[EXERCISE GOAL]: Output only the stretch of the listing that starts at the line containing "CLASS 2022 SENIOR" and ends at the line containing "Community Coffee Mocha", reproduced exactly with both ends.

[DATA FOR PROCESSING]:
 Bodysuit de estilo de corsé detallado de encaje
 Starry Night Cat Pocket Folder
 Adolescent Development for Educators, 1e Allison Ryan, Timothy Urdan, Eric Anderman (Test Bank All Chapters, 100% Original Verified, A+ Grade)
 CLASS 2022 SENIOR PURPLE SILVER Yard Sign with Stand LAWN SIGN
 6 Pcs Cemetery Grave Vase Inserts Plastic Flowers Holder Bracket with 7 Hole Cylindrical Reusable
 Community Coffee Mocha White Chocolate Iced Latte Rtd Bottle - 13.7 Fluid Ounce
==
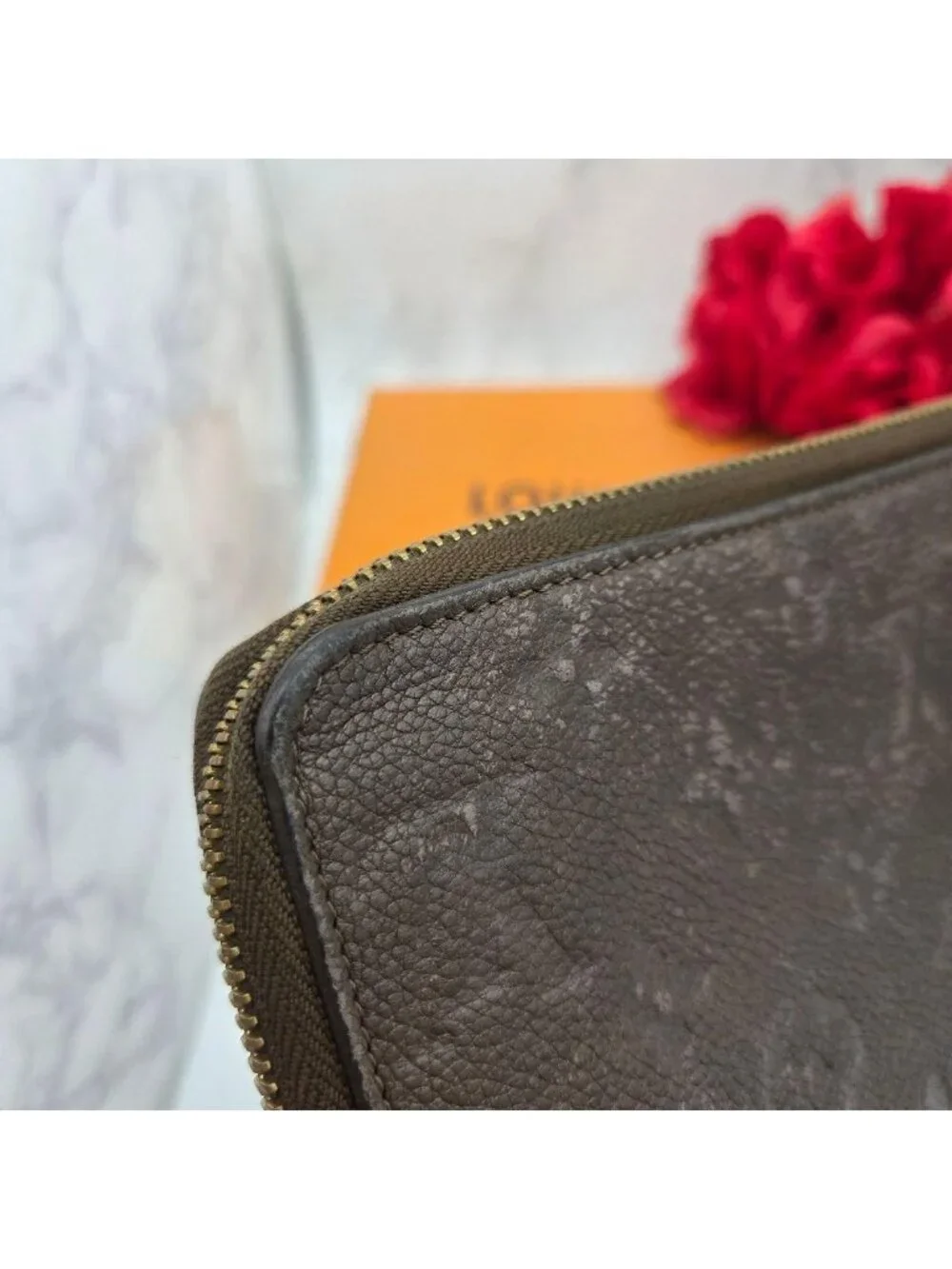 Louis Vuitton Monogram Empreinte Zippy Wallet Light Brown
--
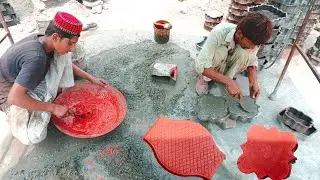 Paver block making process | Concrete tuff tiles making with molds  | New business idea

[WRITTEN REPLY]:
 CLASS 2022 SENIOR PURPLE SILVER Yard Sign with Stand LAWN SIGN
 6 Pcs Cemetery Grave Vase Inserts Plastic Flowers Holder Bracket with 7 Hole Cylindrical Reusable
 Community Coffee Mocha White Chocolate Iced Latte Rtd Bottle - 13.7 Fluid Ounce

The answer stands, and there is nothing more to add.